To control the leaf size, we can set the parameters:
Maximum Depth:
Maximum tree depth is a limit to stop the further splitting of nodes when the specified tree depth has been reached during the building of the initial decision tree.
NEVER use maximum depth to limit the further splitting of nodes. In other words: use the largest possible value.
Minimum Split Size:
The minimum split size is a limit to stop the further splitting of nodes when the number of observations in the node is lower than the minimum split size.
This is a good way to limit the growth of the tree. When a leaf contains too few observations, further splitting will result in overfitting (modeling of noise in the data).
Minimum Leaf Size:
The minimum leaf size is a limit to split a node when the number of observations in one of the child nodes is lower than the minimum leaf size.

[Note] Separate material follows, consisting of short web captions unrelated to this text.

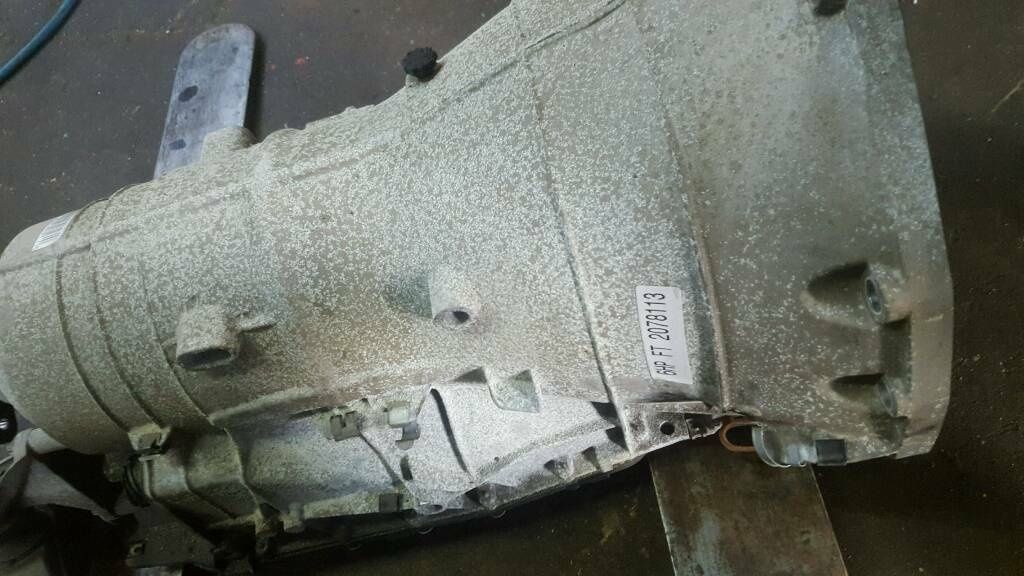 Original  BMW E65 E66 745i Getriebe mit Wandler  Getriebe 0073830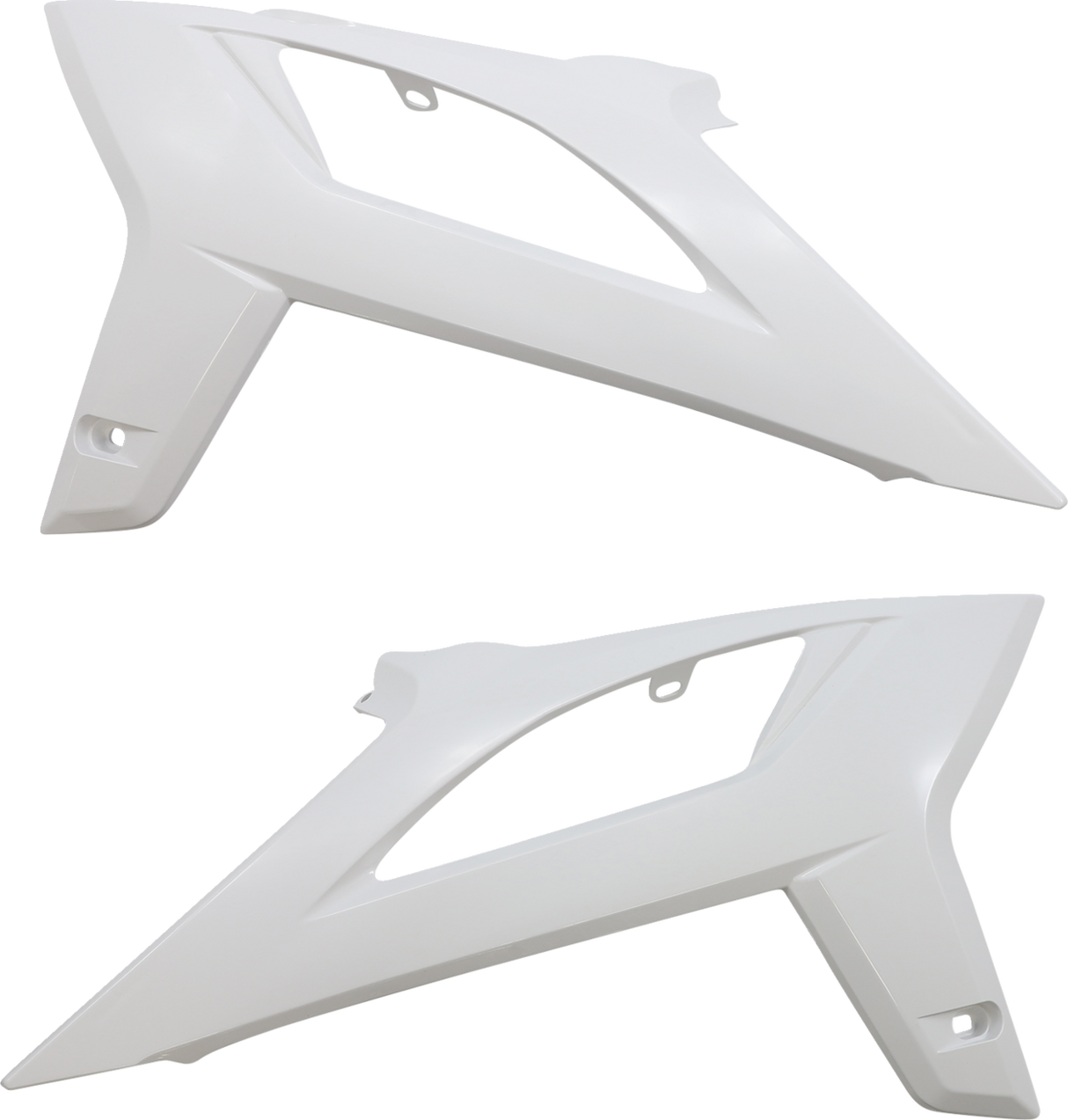 ACERBIS Full Replacement Body Kit - White 2936266812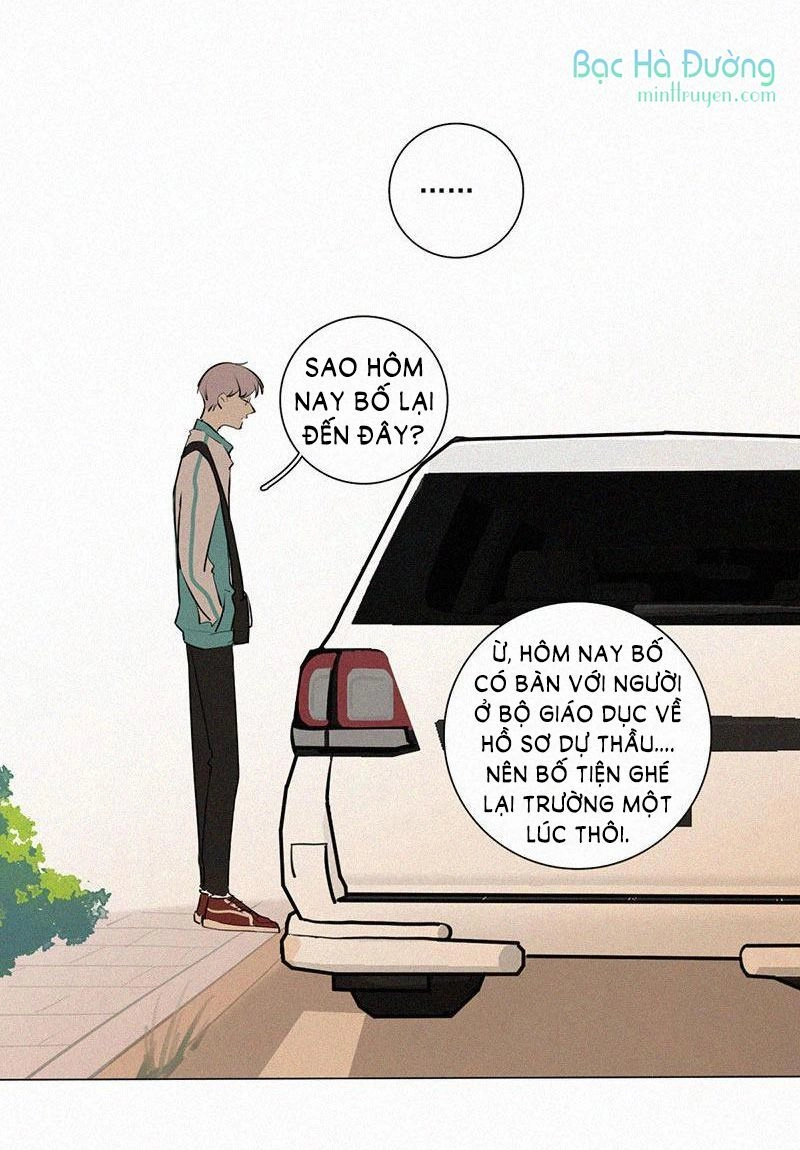 Câu Chuyện Về Cậu Và Tôi Chapter 29 - 4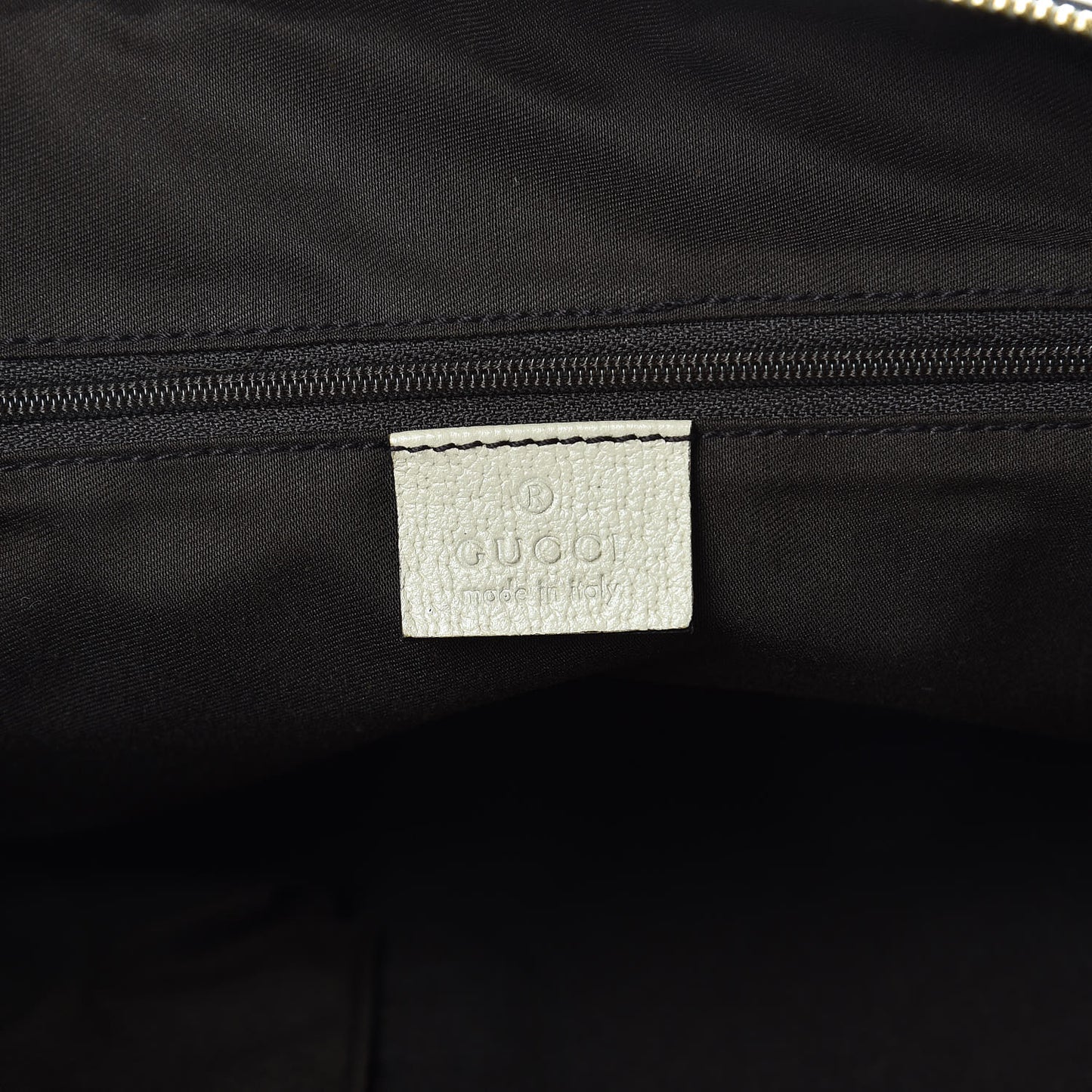 Monogram Medium Abbey Off White
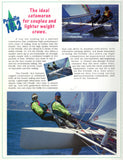 Prindle 1990s Catamaran Brochure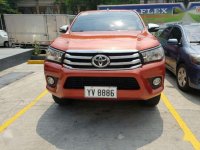 2016 Toyota Hilux for sale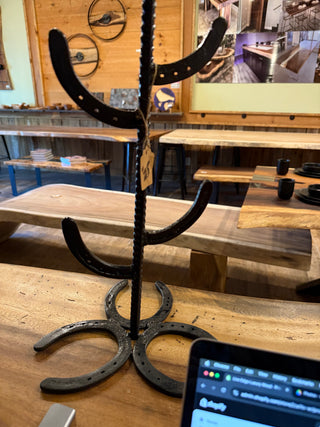 Horseshoe Cup Holder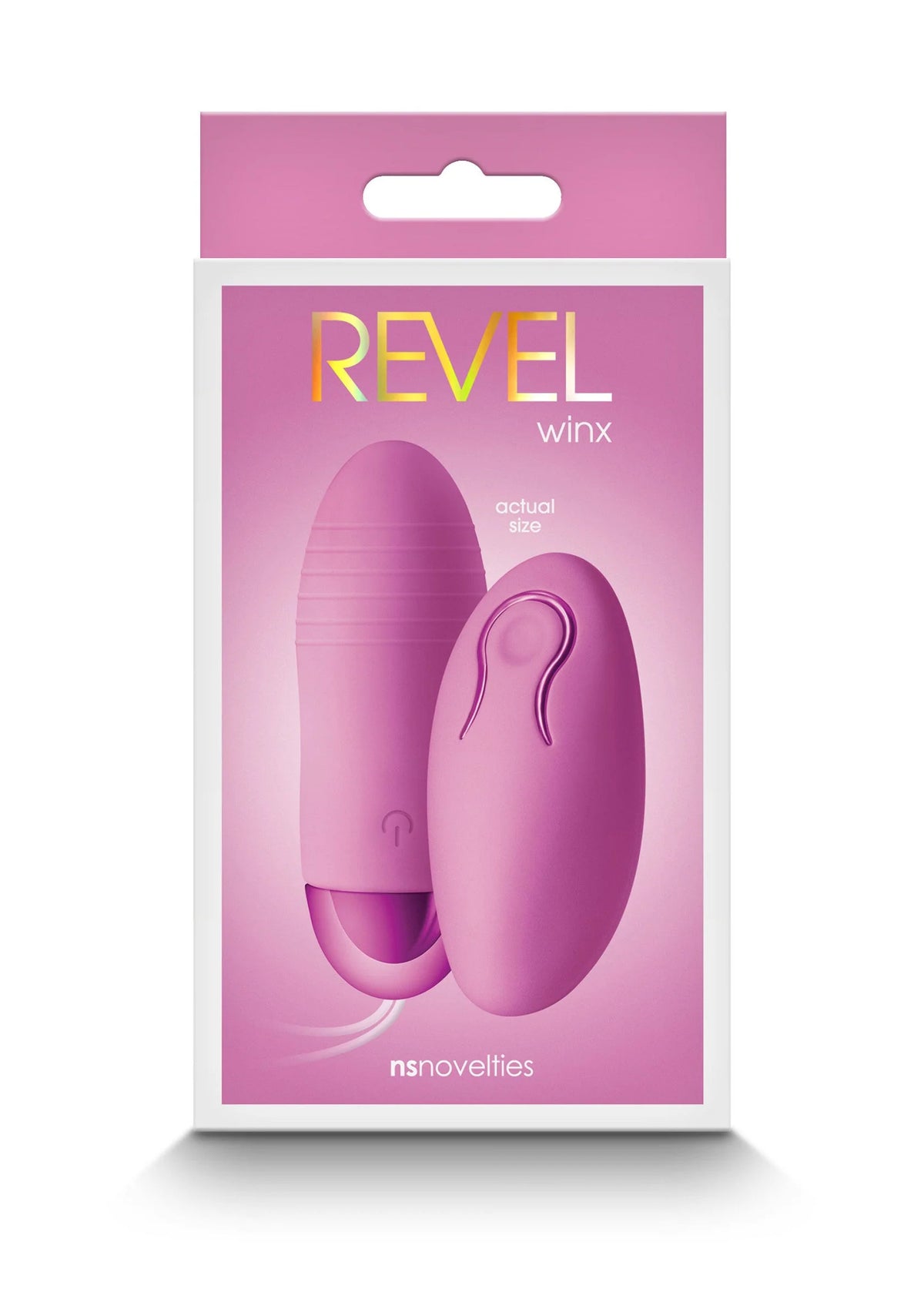 Bestel: Revel Winx Pink by NS Novelties - bij Happytoys.nl, happytoys.be, Happytoys.ae: erotische sex webshop | liever Happy dan Easy ⭐⭐⭐⭐⭐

Pruning is mostly done to reduce the chances of overfitting the tree to the training data and reduce the overall complexity of the tree.
There are two types of Pruning:
Pre-Pruning:
- Pre-pruning is also known as the early stopping criteria. As the name suggests, the criteria are set as parameter values while building the model. The tree stops growing when it meets any of these pre-pruning criteria, or it discovers the pure classes.
Post-Pruning:
- In Post-pruning, the idea is to allow the decision tree to grow fully and observe the CP value. Next, we prune/cut the tree with the optimal CP(Complexity Parameter) value as the parameter.